» Exercise:
Please find every line in the entries below that contains the string "Park", and copy it.

» Web page caption snippets:
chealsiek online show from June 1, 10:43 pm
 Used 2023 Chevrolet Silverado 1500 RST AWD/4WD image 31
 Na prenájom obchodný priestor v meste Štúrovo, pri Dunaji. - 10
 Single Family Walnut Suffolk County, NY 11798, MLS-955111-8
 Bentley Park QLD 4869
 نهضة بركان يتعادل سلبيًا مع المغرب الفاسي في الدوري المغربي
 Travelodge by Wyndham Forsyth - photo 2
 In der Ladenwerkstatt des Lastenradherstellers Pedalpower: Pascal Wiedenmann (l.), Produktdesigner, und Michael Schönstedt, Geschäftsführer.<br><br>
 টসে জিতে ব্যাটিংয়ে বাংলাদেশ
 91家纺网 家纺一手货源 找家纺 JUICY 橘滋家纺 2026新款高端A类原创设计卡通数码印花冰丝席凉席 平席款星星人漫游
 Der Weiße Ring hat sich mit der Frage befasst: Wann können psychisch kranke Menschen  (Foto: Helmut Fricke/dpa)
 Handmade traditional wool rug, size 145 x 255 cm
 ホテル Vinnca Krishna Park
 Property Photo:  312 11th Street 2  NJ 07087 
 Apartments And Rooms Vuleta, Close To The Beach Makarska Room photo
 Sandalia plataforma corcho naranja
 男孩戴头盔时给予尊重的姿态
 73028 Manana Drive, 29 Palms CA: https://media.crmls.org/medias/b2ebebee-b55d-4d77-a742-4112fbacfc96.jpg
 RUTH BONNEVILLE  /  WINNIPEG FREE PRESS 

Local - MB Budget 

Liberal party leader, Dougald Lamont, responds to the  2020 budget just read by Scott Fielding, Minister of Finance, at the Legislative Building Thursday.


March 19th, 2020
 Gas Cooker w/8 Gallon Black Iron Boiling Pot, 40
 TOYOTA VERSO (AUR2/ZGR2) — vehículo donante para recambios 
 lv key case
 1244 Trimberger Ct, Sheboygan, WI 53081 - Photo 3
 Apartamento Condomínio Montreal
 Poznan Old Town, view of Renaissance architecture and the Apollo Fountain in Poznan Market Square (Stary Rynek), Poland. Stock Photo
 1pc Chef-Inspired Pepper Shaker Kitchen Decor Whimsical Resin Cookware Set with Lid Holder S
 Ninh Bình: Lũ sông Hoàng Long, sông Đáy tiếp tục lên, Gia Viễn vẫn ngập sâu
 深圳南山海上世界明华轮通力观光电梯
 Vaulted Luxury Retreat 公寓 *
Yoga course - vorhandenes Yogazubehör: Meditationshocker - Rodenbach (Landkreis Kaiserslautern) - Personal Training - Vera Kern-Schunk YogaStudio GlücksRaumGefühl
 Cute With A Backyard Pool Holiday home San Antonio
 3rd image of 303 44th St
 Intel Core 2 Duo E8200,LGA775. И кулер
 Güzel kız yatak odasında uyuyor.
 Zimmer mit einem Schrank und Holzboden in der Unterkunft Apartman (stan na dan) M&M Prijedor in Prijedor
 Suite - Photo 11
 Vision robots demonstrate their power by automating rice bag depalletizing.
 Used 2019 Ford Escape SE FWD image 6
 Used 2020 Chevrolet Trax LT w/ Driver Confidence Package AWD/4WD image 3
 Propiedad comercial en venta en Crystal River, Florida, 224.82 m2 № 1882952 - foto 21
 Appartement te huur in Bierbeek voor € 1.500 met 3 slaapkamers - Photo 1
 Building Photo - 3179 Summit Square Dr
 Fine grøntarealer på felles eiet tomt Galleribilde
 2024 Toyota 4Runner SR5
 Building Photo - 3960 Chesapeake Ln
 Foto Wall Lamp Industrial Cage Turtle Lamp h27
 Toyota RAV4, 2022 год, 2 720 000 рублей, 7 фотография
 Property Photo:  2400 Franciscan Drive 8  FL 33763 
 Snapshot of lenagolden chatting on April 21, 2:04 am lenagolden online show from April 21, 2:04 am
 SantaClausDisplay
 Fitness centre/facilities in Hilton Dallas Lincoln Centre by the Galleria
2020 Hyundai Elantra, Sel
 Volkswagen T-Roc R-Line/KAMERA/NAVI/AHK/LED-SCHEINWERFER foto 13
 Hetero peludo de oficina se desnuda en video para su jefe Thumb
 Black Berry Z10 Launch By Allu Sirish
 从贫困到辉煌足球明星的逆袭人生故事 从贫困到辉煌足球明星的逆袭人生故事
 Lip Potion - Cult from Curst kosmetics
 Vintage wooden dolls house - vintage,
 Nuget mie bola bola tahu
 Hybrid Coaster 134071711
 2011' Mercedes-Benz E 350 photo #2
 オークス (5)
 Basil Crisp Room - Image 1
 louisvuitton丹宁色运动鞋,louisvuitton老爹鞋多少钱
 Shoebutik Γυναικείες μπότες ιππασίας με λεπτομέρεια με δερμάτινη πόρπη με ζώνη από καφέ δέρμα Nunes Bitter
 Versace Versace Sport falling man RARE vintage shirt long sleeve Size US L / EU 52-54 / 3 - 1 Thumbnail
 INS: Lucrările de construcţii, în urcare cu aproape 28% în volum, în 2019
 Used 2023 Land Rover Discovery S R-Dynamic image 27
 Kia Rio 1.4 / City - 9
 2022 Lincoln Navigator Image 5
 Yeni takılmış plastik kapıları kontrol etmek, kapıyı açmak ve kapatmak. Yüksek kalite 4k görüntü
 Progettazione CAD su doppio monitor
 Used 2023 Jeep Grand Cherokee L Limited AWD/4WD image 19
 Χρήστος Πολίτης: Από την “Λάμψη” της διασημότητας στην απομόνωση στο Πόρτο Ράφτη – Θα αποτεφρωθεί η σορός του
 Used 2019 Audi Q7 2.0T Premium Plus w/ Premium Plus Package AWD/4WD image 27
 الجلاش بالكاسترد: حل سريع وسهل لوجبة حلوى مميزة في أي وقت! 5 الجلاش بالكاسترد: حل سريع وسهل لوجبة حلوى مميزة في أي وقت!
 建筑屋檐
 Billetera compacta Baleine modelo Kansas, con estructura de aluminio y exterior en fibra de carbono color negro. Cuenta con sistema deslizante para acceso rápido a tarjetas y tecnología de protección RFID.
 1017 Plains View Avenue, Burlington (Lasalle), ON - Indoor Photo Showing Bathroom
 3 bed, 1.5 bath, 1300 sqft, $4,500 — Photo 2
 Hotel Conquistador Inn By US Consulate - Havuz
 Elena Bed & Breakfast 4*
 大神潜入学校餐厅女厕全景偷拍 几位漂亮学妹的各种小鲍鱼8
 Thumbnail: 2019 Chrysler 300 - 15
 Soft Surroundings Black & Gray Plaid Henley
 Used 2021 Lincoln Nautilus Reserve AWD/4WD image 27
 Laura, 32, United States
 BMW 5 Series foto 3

» Exercise result:
 Bentley Park QLD 4869
 ホテル Vinnca Krishna Park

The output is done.